By: Sheila Haynes, CPC
Coding and Compliance Manager

Guidelines for Use of Critical Care Codes (CPT codes 99291 and 99292)

To reliably and consistently determine that critical care services, rather than other evaluation and management (E/M) services, are medically necessary the following review criteria must be met in addition to the Current CPT Manual definitions:

Clinical condition criteria

  • There is a high probability of sudden, clinically significant, or life-threatening deterioration in the patient’s condition which requires the highest level of physician preparedness to intervene urgently.

Treatment criteria

  • Critical care services require direct personal management by the physician, or other qualified healthcare professional.
  • Life and organ supporting interventions that require frequent, personal assessment and manipulation by the physician or other qualified healthcare professional
  • Withdrawal of, or failure to initiate these interventions on an urgent basis would likely result in sudden, clinically significant or life-threatening deterioration in the patient’s condition.

Providing medical care to a critically ill patient, or a patient in ICU, should not automatically be classified as a critical care service. Conversely, the patient does not have to be in a critical care or intensive care unit to report critical care services as long as the care rendered meets the clinical requirements and definition.
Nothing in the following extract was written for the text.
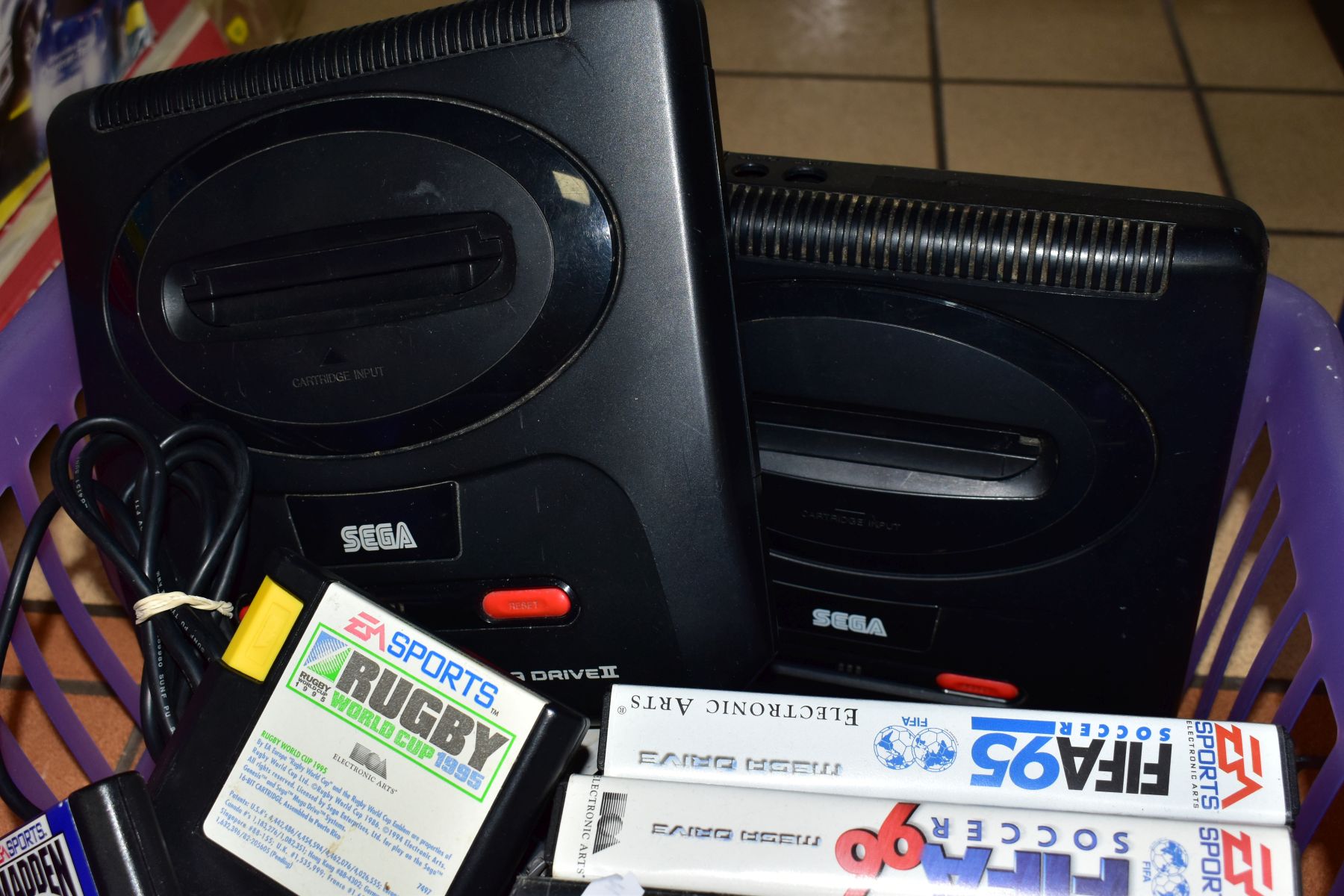 TWO TRAYS, containing Sony Playstation. two controllers and games, two Sega/Mega Drive II machines - Image 4 of 4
The provider’s service must be medically necessary and meet the CPT definition of critical care services as described below in order to be considered covered.
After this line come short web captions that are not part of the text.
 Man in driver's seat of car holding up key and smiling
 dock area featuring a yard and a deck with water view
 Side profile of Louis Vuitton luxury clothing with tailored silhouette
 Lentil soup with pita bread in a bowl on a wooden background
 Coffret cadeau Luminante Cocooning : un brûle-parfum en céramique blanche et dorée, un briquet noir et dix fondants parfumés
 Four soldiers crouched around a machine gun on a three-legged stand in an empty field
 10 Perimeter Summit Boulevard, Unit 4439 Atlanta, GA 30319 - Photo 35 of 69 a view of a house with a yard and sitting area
Critical Care Definition – Critical care is the direct delivery by a physician or other qualified healthcare professional of medical care for a critically ill or injured patient.

  • Critical illnesses or injuries are defined as those with impairment to one or more vital organ systems with an increased risk of rapid or imminent health deterioration
  • Critical care services require direct patient/provider involvement with highly complex decision-making in order to evaluate, control, and support vital system functions to treat one or more vital organ system failures and/or to avoid further decline of the patient’s condition.
  • Vital organ system failure includes, but is not limited to, failure of the central nervous, circulatory, or respiratory systems; kidneys; liver; shock; metabolic or respiratory failure, post-operative complications, or overwhelming infection
  • Generally, critical care services necessitate the interpretation of many physiologic parameters and/or other applications of advanced technology as available in a critical care unit, pediatric intensive care unit, respiratory care unit, in an emergency facility, patient room or other hospital department; however, in emergent situations, critical care may be provided where these elements are not available
  • Care provided to patients residing in a critical care unit but not fitting the criteria for critical care is reported using other E/M codes, as appropriate.
  • These are time-based codes, meaning the total time spent must be documented which includes: Direct patient care bedside or time spent on the patient’s floor or unit (reviewing laboratory results or imaging studies and discussing the patient’s care with medical staff, time spent with family members, caregivers, or other surrogate decision makers to gather information on the patient’s medical history, reviewing the patient’s condition or prognosis, and discussing various treatment options or limitations of treatment), as long as the clinician is immediately available and not providing services to any other patient during the same time period.
  • Time spent outside of the patient’s unit or floor, including telephone calls, caregiver discussions, or time spent in actions that do not directly contribute to the patient’s care rendered in the critical unit are not reported as critical care.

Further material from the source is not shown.